Bug 737507 - Switching from ArrayList to ConcurrentList causes 100% CPU usage
Switching from ArrayList to ConcurrentList causes 100% CPU usage
Status: RESOLVED INCOMPLETE
Product: libgee
Classification: Platform
Component: general
0.16.x
Other Linux
: High normal
: ---
Assigned To: libgee-maint
libgee-maint
Depends on:
Blocks:
 
 
Reported: 2014-09-28 04:13 UTC by Michael Catanzaro
Modified: 2014-10-28 22:38 UTC
See Also:
GNOME target: ---
GNOME version: ---


Attachments
Workaround 100% CPU usage issue (999 bytes, patch)
2014-10-04 21:53 UTC, Michael Catanzaro
committed Details | Review
gprof report (7.06 KB, application/octet-stream)
2014-10-22 01:03 UTC, Michael Catanzaro
  Details

Description Michael Catanzaro 2014-09-28 04:13:03 UTC
After 31f5096f5f21e97081642542a150b747d1702532 we now have a thread running forever using 100% CPU after using print multiple sudokus... I guess we should revert that commit, but it looks like a bug in libgee to me.
Comment 1 Michael Catanzaro 2014-10-04 19:06:37 UTC
This also happens when generating a single Sudoku, so on every new game. Drat.

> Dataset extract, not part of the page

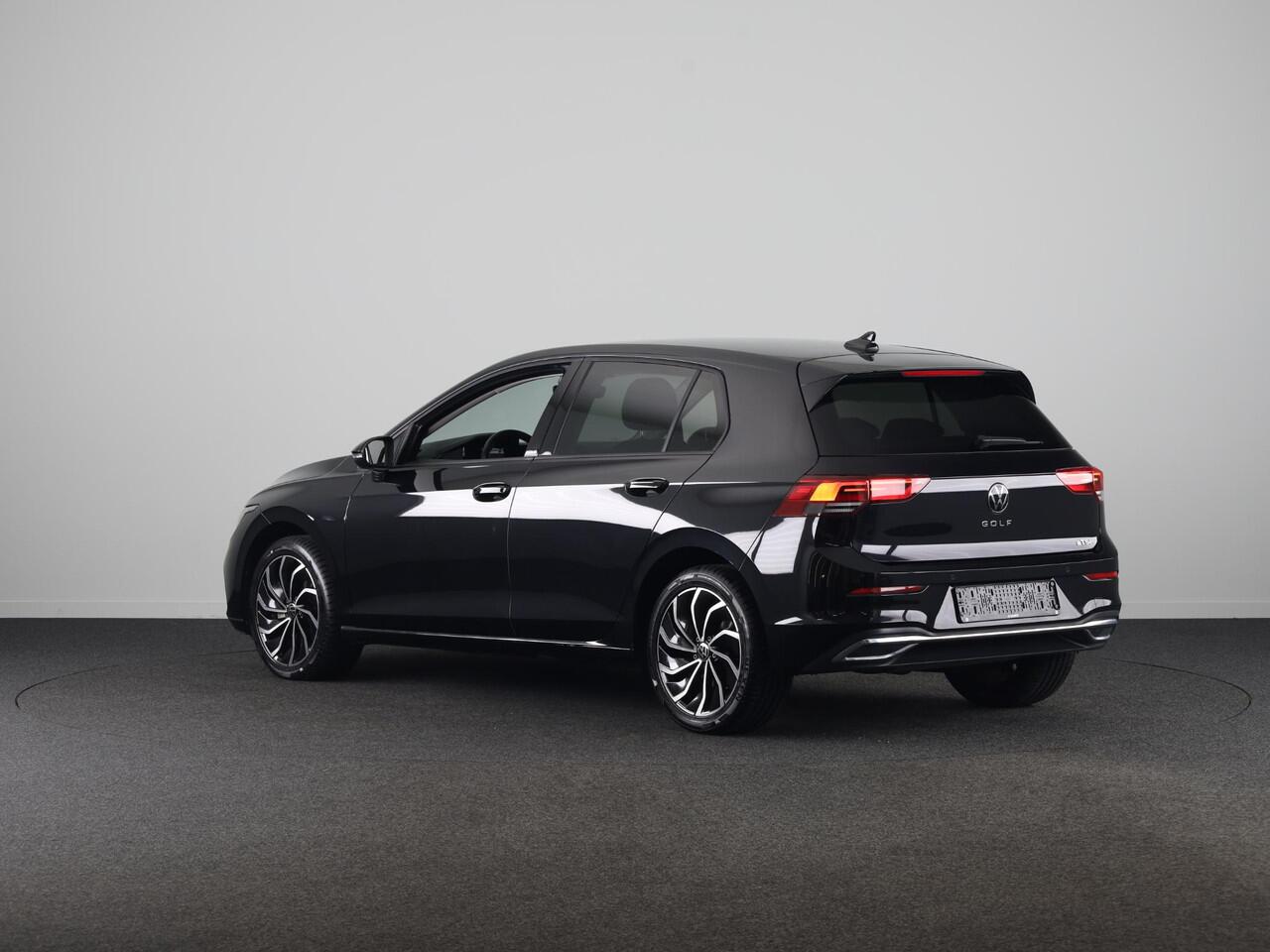 Volkswagen GOLF 1.0 eTSI Life Active 110PK DSG | Navigatie | achteruitrijcamera | LED plus | 17" LM velgen |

The thread is successfully joined. Something else is going wrong.
Comment 2 Michael Catanzaro 2014-10-04 21:53:43 UTC
Created attachment 287728 [details] [review]
Workaround 100% CPU usage issue

No clue what's going wrong here....
Comment 3 Michael Catanzaro 2014-10-04 21:53:59 UTC
Comment on attachment 287728 [details] [review]
Workaround 100% CPU usage issue

Attachment 287728 [details] pushed as f89fb33 - Workaround 100% CPU usage issue
Comment 4 Michael Catanzaro 2014-10-04 22:36:13 UTC
Switching the list "threads" (a DIFFERENT list used only in the UI thread, two declarations down from boards_list, the one that caused this problem) from an ArrayList to a ConcurrentList, while leaving boards_list as an ArrayList, is sufficient to reproduce this bug. Replacing all the ArrayLists in SudokuBoard.vala with ConcurrentLists is also sufficient to introduce this bug, but replacing the ArrayLists in SudokuGame.vala is not.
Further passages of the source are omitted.